Classical was the school that molded the lives of generations of students. Perhaps the most distinguished was the late John Pastore, the first Italian-American elected to the U.S. Senate. Pastore was raised in a tenement on then-impoverished Federal Hill at the dawn of the 20th century.

Classical was Pastore’s first taste of the world beyond the Italian-American immigrant enclave. “Most of his teachers were of Yankee stock,” wrote Ruth Morgenthau, Pastore’s biographer. “They taught him a world filled with ancient heroes and ‘man-ennobling’ sport, a world much different from the realities of Federal Hill, replete at the time with squalor and political radicalism.”

Brown admitted Pastore, but he couldn’t afford to attend. Instead, he took a job dealing with consumer complaints at Narragansett Electric. He eventually went to a night law school and embarked on a political career that took him to the highest realms of the U.S. government before he retired in 1976.

Frederick Irving said many Classical grads of the World War II era joined the military. He came home in 1944 after troops led by Gen. George S. Patton liberated the German POW camp where he had been held.

When Petrie got word from their mutual Classical friend that Irving was alive and well, she arranged to meet him for a drink at the Biltmore hotel, the Jazz Age icon in downtown Providence. At 10:30 p.m. on a June evening in 1945, Irving walked up the stairs to the hotel’s cocktail lounge, then located on the second floor.

“At the Biltmore, when he appeared at the top of those stairs, I did know that this was the man with whom I wanted to spend my life,” she said in an interview over tea with her husband last week at the Marriott.

That night, Dorothy and Fred had a drink and spent the rest of the evening walking Providence’s streets.

“We found ourselves in front of Classical, where at 15, I had been so unready to think seriously about a man in my life; now at 23, I was ready. We embraced before those tall iron gates.”

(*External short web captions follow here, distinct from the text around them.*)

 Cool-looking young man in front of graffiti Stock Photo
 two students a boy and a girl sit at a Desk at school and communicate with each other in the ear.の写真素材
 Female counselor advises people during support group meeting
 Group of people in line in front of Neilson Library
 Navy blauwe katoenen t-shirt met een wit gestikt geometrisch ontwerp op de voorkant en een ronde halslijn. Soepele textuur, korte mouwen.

They were married shortly after. Frederick Irving got a master’s degree at the Fletcher School at Tufts University and joined the U.S. State Department as a foreign service officer.

His motivation was at once simple and majestic: he said he had seen enough of war’s horrors and wanted to spend his life “trying to make sure there wouldn’t be another war.”

Over a distinguished career both at Foggy Bottom and overseas, Dorothy and Frederick Irving shared their lives, their careers and raised three children along the way.

Now 86, the Irvings are the subject of a self-published book written by Dorothy, titled This Too is Diplomacy.

The book recounts their time together in such postings as Austria, Iceland and Jamaica, where Fred Irving served as ambassador and Dorothy was what he calls his “unpaid equal.” She learned the language in Iceland, which endeared her husband to the locals, and she helped him heal wounds in Jamaica, where he succeeded as ambassador a man Frederick Irving describes as a wealthy Republican campaign fundraiser with racist views.

Now retired, the Irvings live in Belmont, Mass. They keep busy as volunteers, traveling with family members and staying on top of foreign affairs. The Iraq war, Frederick Irving says, “is a big mistake.”

A bumper sticker on his car reads, “Try Diplomacy, It Doesn’t Kill Anybody.”

If they could do it all over, they would, said this couple who finish each other’s sentences. Although Dorothy allows that she might have paid a bit more attention to Fred back in high school.